**WORK ITEM:** Among the lines below, a stretch begins at the one with "Default setting |" and ends at the one with "Mer des Philippines (Guam)". Repeat that stretch exactly, ends included.
=== Begin Enclosure ===
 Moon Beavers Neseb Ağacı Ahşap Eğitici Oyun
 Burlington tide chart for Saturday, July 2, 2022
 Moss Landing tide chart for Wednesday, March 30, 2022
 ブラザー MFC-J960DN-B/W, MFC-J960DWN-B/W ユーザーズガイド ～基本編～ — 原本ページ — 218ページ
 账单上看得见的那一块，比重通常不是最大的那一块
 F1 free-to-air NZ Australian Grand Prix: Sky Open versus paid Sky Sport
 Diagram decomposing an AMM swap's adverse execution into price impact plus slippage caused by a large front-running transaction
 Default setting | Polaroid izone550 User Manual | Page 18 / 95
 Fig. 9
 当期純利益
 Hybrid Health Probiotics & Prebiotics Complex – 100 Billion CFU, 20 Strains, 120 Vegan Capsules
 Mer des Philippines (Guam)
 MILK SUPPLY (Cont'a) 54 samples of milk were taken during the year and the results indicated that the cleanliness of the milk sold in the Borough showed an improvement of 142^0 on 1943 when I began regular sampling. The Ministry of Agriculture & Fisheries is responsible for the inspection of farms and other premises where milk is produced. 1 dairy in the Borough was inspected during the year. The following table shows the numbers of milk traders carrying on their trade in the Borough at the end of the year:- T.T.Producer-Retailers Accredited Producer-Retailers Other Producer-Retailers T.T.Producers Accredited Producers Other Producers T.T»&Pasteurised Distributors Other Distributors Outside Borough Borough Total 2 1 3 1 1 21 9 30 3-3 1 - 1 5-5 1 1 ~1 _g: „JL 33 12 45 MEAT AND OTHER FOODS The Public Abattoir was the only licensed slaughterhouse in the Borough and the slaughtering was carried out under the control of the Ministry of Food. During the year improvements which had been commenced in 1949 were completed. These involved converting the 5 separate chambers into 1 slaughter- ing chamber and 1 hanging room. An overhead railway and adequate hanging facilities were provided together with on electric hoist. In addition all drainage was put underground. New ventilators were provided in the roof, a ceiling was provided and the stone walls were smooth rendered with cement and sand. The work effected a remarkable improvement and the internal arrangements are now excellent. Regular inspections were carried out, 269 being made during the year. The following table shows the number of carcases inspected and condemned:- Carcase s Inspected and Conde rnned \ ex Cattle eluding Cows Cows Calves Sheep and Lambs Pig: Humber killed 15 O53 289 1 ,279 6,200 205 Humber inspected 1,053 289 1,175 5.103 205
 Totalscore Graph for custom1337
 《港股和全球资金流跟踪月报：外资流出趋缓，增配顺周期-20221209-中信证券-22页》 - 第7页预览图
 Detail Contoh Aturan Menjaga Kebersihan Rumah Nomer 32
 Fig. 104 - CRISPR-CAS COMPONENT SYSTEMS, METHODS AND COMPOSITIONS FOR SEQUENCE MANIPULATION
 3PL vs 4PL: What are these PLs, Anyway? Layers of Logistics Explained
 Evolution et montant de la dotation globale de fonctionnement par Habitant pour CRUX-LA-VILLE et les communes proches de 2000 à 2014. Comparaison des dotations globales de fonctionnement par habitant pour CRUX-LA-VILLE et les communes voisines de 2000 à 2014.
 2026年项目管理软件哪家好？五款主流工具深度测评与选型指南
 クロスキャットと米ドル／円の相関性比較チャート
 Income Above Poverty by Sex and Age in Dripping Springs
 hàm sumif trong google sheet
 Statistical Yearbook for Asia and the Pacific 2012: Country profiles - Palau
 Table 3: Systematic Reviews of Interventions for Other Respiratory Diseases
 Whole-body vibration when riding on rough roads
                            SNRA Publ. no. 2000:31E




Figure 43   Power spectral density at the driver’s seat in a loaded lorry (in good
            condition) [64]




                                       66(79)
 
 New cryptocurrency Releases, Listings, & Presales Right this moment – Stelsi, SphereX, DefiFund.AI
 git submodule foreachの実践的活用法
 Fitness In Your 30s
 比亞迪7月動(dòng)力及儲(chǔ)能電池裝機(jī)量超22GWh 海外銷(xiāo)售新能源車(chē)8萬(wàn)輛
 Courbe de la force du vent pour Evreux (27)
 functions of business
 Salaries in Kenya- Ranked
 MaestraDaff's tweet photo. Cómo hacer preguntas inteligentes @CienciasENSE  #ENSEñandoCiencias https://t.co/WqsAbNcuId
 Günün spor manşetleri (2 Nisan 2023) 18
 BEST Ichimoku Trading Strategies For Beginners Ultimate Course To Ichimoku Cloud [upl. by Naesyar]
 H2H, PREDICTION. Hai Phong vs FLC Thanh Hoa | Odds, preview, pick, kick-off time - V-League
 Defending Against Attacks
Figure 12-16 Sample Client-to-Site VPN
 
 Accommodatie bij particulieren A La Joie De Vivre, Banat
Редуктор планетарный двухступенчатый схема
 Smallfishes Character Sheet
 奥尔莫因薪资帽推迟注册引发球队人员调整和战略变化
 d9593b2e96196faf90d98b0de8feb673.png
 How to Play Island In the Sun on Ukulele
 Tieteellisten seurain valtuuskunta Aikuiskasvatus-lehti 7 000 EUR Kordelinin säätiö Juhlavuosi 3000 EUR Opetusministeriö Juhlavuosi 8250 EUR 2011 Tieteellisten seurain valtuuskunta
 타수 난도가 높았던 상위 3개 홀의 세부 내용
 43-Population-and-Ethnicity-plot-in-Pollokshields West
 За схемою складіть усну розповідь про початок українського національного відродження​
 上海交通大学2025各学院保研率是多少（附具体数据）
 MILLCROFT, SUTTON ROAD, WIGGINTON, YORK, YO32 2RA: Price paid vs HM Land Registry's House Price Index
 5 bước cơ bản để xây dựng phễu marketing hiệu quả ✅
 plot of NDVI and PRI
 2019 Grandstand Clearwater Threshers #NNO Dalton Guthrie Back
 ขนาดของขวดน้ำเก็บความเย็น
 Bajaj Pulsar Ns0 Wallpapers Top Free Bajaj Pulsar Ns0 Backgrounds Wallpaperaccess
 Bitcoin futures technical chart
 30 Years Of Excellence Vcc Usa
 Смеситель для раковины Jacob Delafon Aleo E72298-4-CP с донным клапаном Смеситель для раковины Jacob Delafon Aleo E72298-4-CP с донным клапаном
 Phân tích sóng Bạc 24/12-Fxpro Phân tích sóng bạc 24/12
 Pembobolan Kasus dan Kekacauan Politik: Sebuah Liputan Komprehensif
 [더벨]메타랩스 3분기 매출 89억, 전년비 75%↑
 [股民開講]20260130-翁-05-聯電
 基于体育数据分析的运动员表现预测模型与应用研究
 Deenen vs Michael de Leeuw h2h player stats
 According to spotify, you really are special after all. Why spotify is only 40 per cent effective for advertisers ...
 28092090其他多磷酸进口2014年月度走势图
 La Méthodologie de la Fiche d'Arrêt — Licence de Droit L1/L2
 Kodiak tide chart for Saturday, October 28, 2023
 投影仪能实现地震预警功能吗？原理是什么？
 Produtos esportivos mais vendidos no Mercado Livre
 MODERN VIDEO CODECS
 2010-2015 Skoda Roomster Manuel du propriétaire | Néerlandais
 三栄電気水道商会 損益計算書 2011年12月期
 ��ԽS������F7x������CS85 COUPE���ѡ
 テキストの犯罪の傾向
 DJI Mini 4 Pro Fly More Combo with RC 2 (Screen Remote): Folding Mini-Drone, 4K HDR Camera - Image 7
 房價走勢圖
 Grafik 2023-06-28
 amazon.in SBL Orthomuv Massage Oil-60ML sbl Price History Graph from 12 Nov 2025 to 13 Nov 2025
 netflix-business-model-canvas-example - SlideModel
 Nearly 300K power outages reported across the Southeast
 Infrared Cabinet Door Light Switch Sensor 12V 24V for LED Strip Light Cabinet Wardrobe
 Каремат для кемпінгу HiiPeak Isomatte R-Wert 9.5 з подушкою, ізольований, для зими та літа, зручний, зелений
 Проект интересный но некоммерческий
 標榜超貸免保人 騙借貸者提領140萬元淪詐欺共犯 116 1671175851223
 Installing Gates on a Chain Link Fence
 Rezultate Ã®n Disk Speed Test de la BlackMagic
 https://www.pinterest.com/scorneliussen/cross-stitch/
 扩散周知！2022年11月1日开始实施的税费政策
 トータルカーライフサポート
=== End Enclosure ===
**SOLUTION TO THE EXERCISE:**
 Default setting | Polaroid izone550 User Manual | Page 18 / 95
 Fig. 9
 当期純利益
 Hybrid Health Probiotics & Prebiotics Complex – 100 Billion CFU, 20 Strains, 120 Vegan Capsules
 Mer des Philippines (Guam)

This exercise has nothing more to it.